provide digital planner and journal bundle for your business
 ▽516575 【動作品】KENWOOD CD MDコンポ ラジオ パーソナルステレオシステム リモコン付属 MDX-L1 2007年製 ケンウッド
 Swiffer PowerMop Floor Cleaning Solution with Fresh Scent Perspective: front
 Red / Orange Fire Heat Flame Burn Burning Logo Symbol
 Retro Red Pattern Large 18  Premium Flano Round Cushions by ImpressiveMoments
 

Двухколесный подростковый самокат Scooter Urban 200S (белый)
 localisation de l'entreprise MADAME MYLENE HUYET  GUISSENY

> ASSIGNED TASK
Repeat exactly the lines from the one containing "Двухколесный подростковый самокат" to the end of the records.

> RESPONSE
Двухколесный подростковый самокат Scooter Urban 200S (белый)
 localisation de l'entreprise MADAME MYLENE HUYET  GUISSENY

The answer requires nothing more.